Record excerpts =
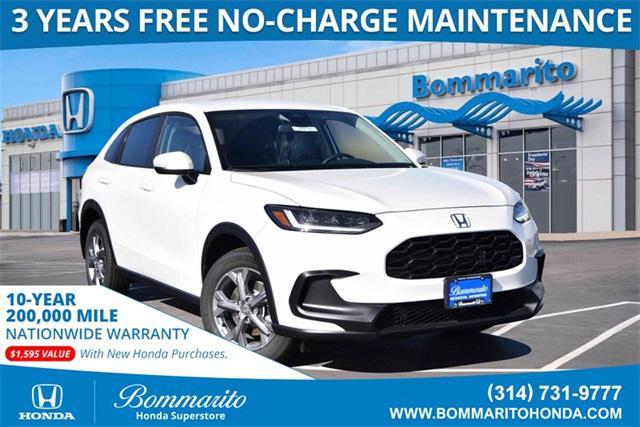 new 2026 Honda HR-V car, priced at $29,605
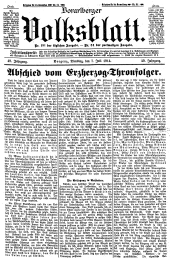 Vorarlberger Volksblatt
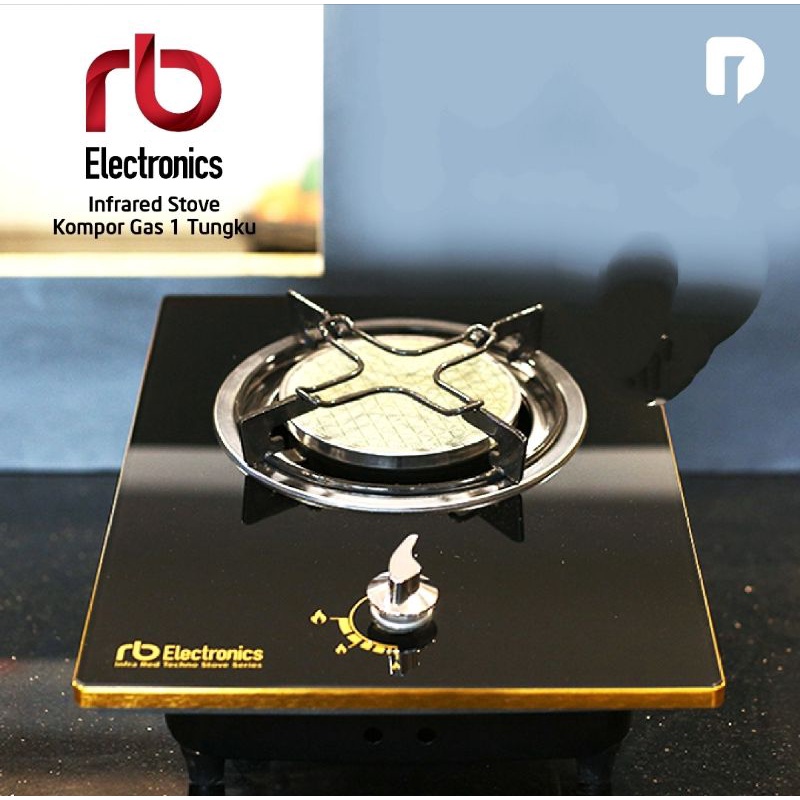 RB Infrared Stove Kompor Gas 1 Tungku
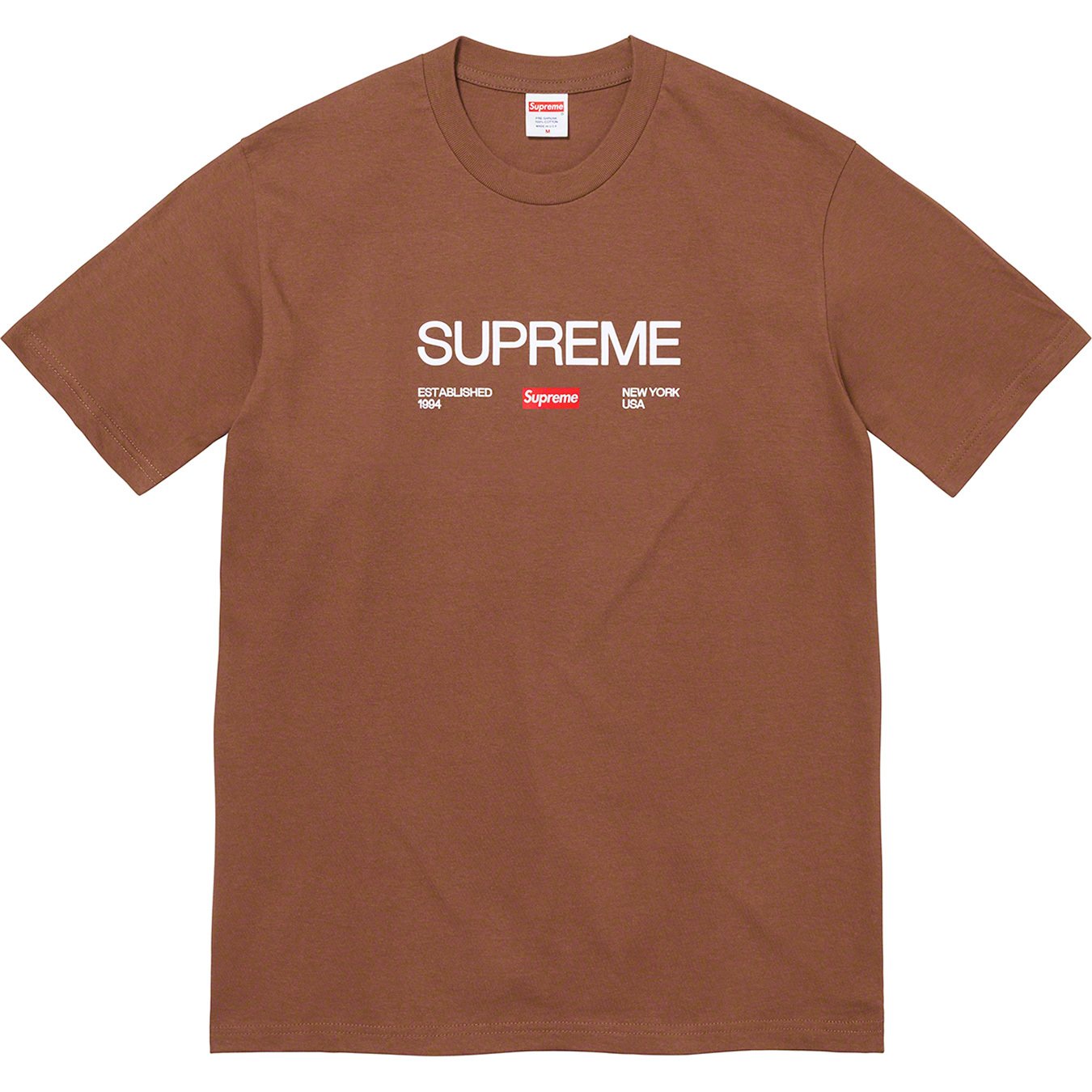 Est. 1994 Tee - fall winter 2021 - Supreme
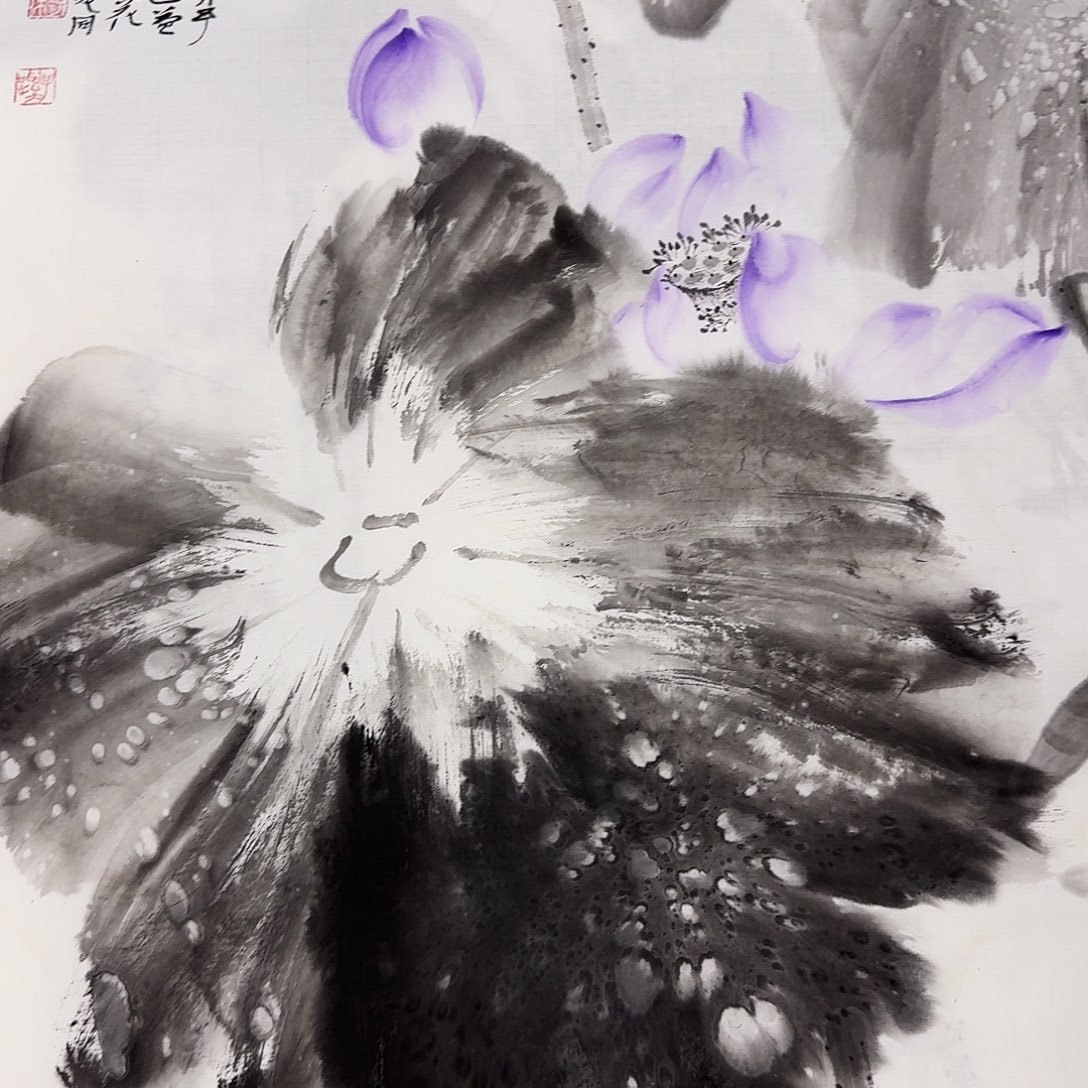国画纯手绘作品欣赏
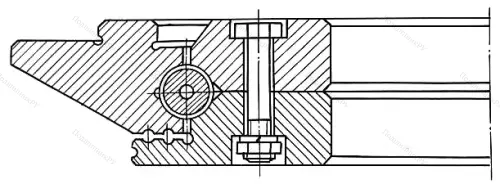 Модификация подшипника 3587/1380К размер 1380x1690x90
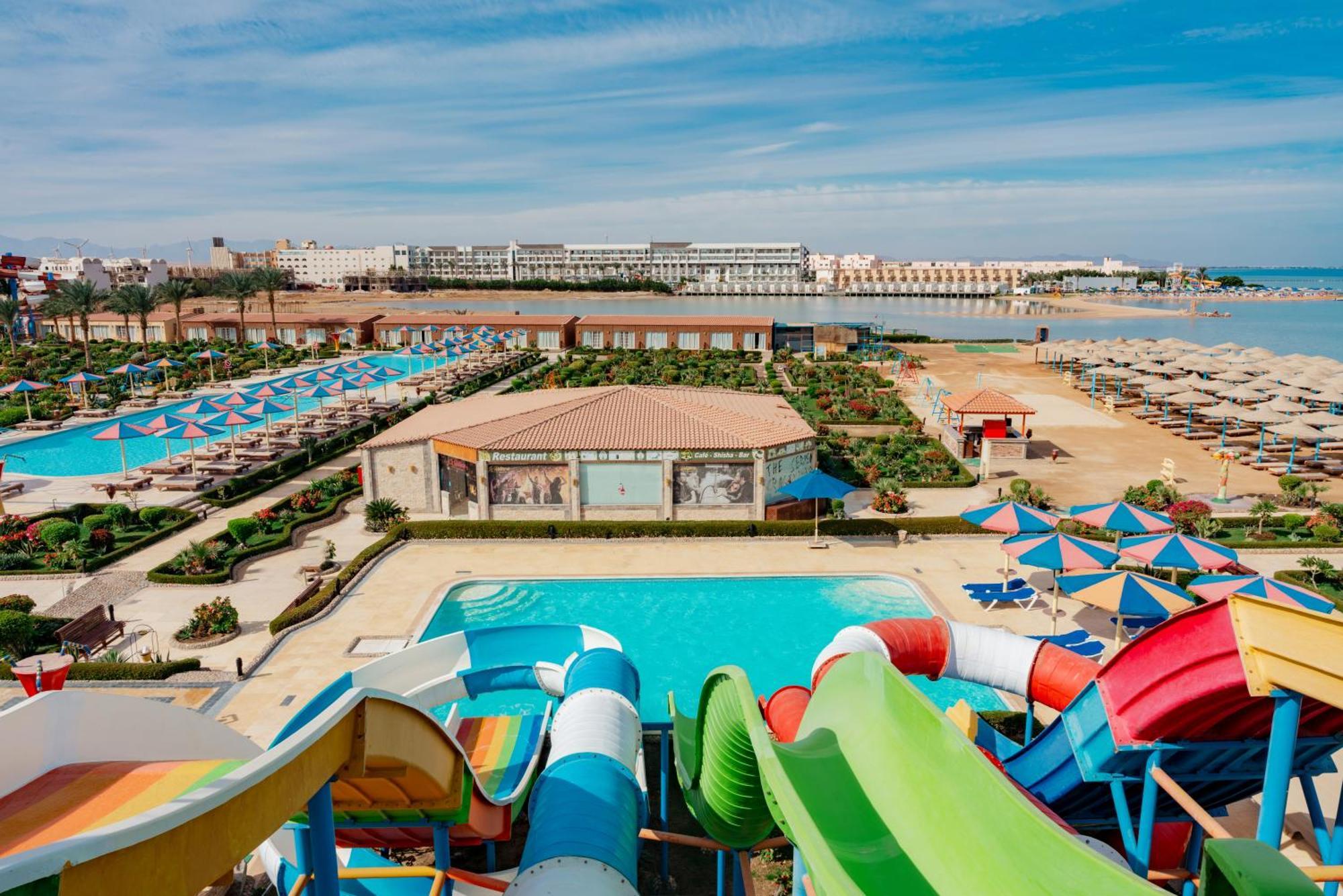 Sunrise Alora Aqua Park Resort フルガダ エクステリア 写真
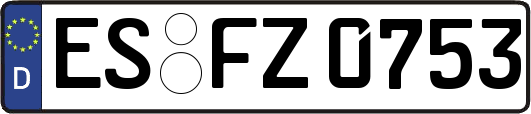 ES-FZ0753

Work instruction =
Retype the records exactly. Any image in them should not appear in what you write.

Solution =
 new 2026 Honda HR-V car, priced at $29,605
 Vorarlberger Volksblatt
 RB Infrared Stove Kompor Gas 1 Tungku
 Est. 1994 Tee - fall winter 2021 - Supreme
国画纯手绘作品欣赏
 Модификация подшипника 3587/1380К размер 1380x1690x90
 Sunrise Alora Aqua Park Resort フルガダ エクステリア 写真
 ES-FZ0753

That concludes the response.